Online Bible Commentary
Ecclesiastes 8:1 Who is like a wise man? And who knows the interpretation of a thing? A man's wisdom makes his face shine, And the sternness of his face is changed. 2 I say, "Keep the king's commandment for the sake of your oath to God. 3 Do not be hasty to go from his presence. Do not take your stand for an evil thing, for he does whatever pleases him." 4 Where the word of a king is, there is power; And who may say to him, "What are you doing?" 5 He who keeps his command will experience nothing harmful; And a wise man's heart discerns both time and judgment, 6 Because for every matter there is a time and judgment, Though the misery of man increases greatly. 7 For he does not know what will happen; So who can tell him when it will occur? 8 No one has power over the spirit to retain the spirit, And no one has power in the day of death. There is no release from that war, And wickedness will not deliver those who are given to it. 9 All this I have seen, and applied my heart to every work that is done under the sun: There is a time in which one man rules over another to his own hurt. (NKJV)
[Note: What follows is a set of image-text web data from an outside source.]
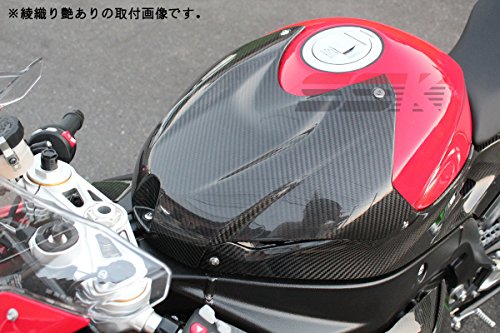 SSK タンクトップカバー ドライカーボン 平織り艶あり [BMW (S1000R 2014-) (S1000RR 2015-)] CBM0601PG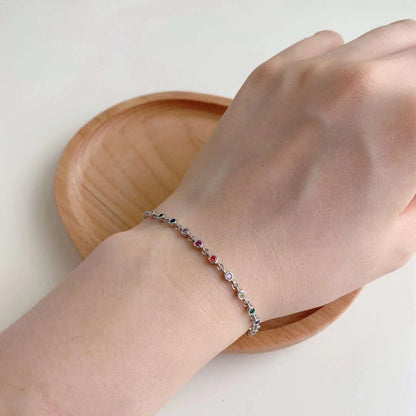 [ORA ]Colorful Bead Array Bracelet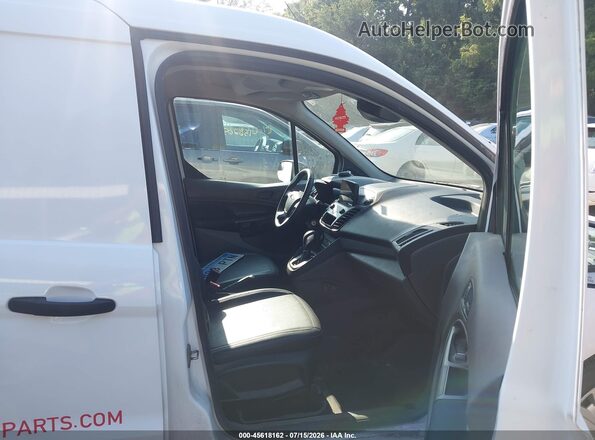 NM0LS7S23N1511974 2022 FORD TRANSIT CONNECT White Вид салону спереду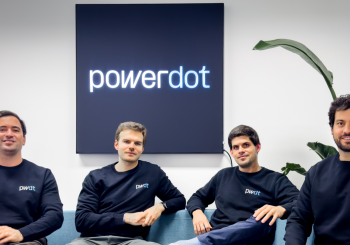 Powerdot CEO Luís Santiago Pinto (second from right) said: “With over 5,000 charging points in operation and an additional 10,000 in deployment, this investment will catalyze transformative growth, enabling us to expand our network and contribute to the evolution of sustainable mobility.” Image: Powerdot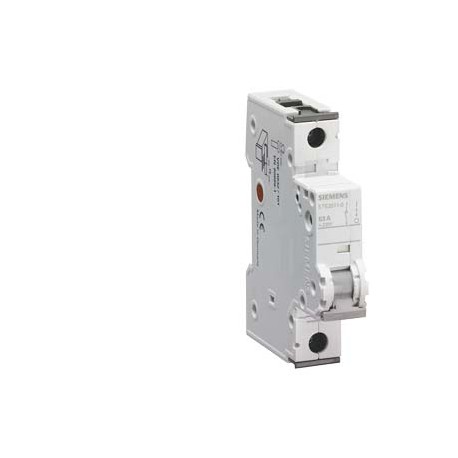 5TE2511-0 SIEMENS Switch 230/400 V 1-pole 63 A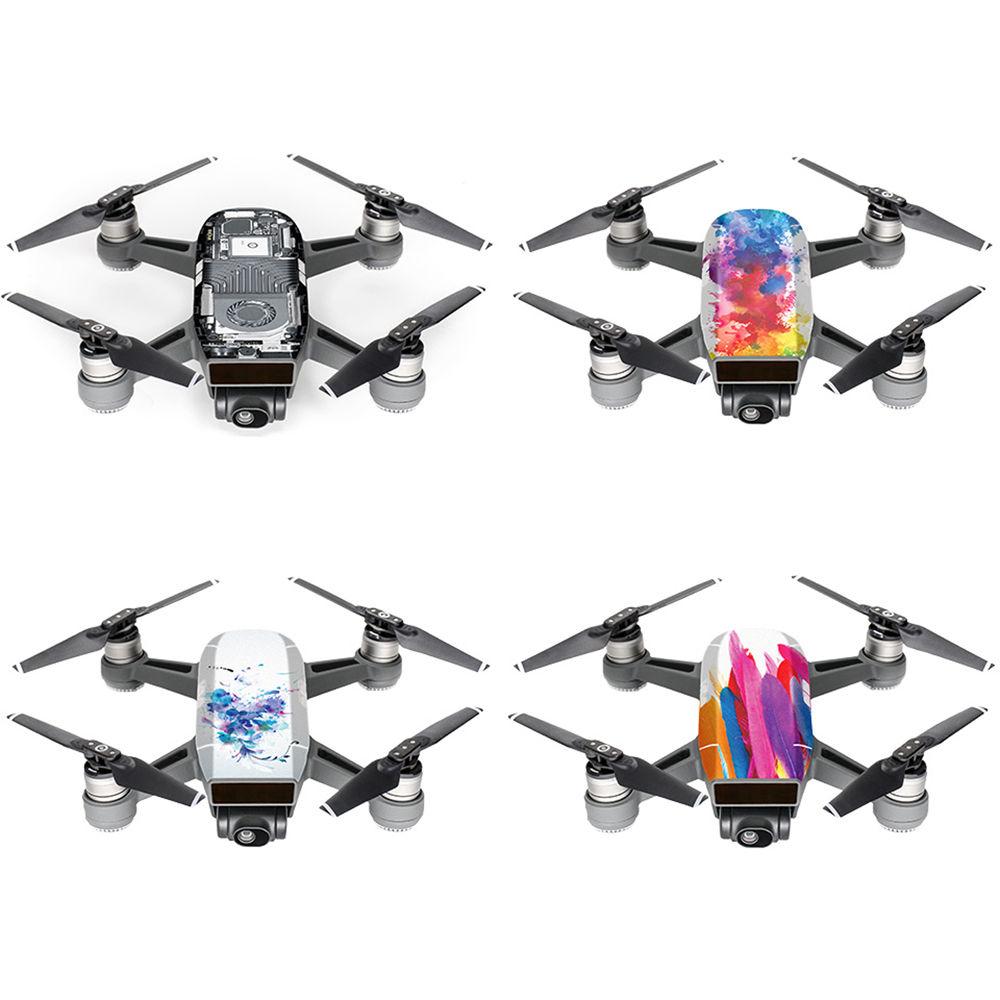 DJI 4-Pack PGYTECH Skin for Spark Quadcopter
The book of Ecclesiastes is classified as wisdom literature. Wisdom literature is especially concerned with helping us to deal with the issues of life. It is believed that Solomon wrote this book late in his life.
When Solomon became the king of Israel in 970 B.C. the first thing he asked of God was to be wise. God answered his prayer and made him the wisest man ever to live, at the age of nineteen (1 Kings 3:12).
Solomon begins this passage by declaring that there are not many truly wise men (v. 1a). The evidence of a wise man can be found in his appearance. He exudes a sense of joy and peace, which come only from God (v. 1b).
Scripture informs us that God has placed rulers in their positions and we are to obey their commands as if they were commands from God (v. 2). The only exception would be if we know for sure that their command is not from God (v. 3a). We are not to “stand for an evil thing”, sin (v. 3b), for rulers stand for what pleases them, even when it does not please God (v. 3c). We must stand only for what pleases God.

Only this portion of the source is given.